Okay, I'll give it a shot!  :)

I find it significant that when LSV discusses the emergence of verbal thinking in early childhood he suggests that speech 'goes inward' in two steps. First, it goes inward 'psychologically.' Speech that has been up to this point social becomes self-directed; it becomes individual. The young child now does to herself what she has been doing to other people and what they have been doing to her - she tells herself what to do. She speaks out loud - we can hear what she says, and so can she. This self-directed speech appears first when the young child encounters a problem in her ongoing practical activity; with time it shifts to become a way of planning what she will do in advance. This is a material change.

Second, speech becomes inner 'physiologically.' Up to this point, the speech production regions of the brain have worked with the motor regions controlling the articulatory apparatus to emit audible speech. The reception regions of the brain have monitored this speech via the ears. Now the young child becomes capable of sending the output of the speech production regions directly to the reception regions. There is evidence that the arcuate fasciculus provides this direct connection. This too is a material change (one which Luria proposes).

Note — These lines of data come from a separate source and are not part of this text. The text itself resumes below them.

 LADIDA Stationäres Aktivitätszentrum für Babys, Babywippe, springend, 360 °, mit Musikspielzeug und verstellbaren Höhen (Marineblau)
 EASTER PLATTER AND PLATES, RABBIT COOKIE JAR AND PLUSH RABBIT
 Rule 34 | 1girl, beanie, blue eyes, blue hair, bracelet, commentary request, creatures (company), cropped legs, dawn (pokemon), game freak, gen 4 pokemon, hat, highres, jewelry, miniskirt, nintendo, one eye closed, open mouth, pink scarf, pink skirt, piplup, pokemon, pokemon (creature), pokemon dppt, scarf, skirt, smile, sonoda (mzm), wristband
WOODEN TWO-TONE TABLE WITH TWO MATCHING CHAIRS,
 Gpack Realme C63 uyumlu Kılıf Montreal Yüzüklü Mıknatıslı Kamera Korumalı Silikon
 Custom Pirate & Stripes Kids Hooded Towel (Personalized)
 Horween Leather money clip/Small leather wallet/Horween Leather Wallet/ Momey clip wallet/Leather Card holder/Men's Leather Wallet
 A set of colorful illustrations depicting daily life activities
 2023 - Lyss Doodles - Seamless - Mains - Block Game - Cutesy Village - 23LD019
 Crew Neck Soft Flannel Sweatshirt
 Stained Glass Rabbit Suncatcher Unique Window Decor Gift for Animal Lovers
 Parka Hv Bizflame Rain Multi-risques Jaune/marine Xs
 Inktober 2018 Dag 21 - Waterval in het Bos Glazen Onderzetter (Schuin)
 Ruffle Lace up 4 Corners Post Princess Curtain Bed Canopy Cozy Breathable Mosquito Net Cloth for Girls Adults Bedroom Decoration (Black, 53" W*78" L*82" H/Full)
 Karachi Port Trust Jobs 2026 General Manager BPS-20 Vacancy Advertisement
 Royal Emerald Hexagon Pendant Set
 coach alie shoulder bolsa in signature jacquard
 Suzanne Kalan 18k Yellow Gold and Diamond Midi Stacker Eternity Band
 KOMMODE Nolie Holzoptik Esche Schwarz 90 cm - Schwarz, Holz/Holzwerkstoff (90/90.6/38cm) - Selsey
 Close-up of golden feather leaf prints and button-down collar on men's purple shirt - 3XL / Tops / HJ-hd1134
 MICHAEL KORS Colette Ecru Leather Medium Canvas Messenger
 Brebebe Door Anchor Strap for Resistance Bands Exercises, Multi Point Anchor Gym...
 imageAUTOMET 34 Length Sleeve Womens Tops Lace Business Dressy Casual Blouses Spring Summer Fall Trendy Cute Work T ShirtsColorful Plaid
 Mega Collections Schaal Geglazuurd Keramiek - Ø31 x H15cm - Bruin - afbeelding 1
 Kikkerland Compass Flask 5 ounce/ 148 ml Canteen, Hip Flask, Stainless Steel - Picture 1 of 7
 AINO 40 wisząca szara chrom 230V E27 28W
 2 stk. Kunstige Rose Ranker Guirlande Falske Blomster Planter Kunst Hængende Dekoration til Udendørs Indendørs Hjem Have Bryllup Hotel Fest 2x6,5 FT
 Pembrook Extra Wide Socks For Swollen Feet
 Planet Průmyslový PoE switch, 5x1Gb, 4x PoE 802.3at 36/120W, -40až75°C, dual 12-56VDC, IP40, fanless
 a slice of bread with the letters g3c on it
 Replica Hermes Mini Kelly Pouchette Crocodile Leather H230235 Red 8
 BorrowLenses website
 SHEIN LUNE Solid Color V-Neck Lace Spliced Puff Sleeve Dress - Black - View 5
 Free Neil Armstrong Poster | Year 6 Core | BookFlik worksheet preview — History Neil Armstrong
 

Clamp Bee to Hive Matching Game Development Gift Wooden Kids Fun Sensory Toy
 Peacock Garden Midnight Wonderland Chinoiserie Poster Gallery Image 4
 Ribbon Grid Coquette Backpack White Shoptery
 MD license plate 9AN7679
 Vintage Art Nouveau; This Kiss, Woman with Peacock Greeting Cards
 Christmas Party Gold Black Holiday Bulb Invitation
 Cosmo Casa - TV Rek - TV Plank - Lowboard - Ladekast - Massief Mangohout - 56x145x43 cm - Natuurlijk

The result of this 'becoming inner physiologically' is that the young child can hear herself talking, but we cannot hear her. This is 'covert' self-directed speech. We adults can all do this too, and the natural question to ask is, where is this speech located? We tend to reply, in the mind. I would suggest that this is an illusion. In a similar way when I listen to music through earphones I experience the sounds as coming from inside my head, though this is not in fact the case. This kind of 'user illusion' is, in my view, what LSV was referring to in his example in Crisis of reflection in a mirror. We experience an object apparently 'behind' the mirror, but this is an illusion. We can easily explain the illusion in terms of the material characteristics of the mirror, and the laws of reflection of light. In the same way, we can explain the illusion of 'inner speech' and 'mental activity' in terms of the material characteristics of the brain. (At least, neuroscience is beginning to enable us to do so.) The young child begins to be able to deliberately employ those neural characteristics in early childhood, and during middle childhood becomes much more skilled at doing so. 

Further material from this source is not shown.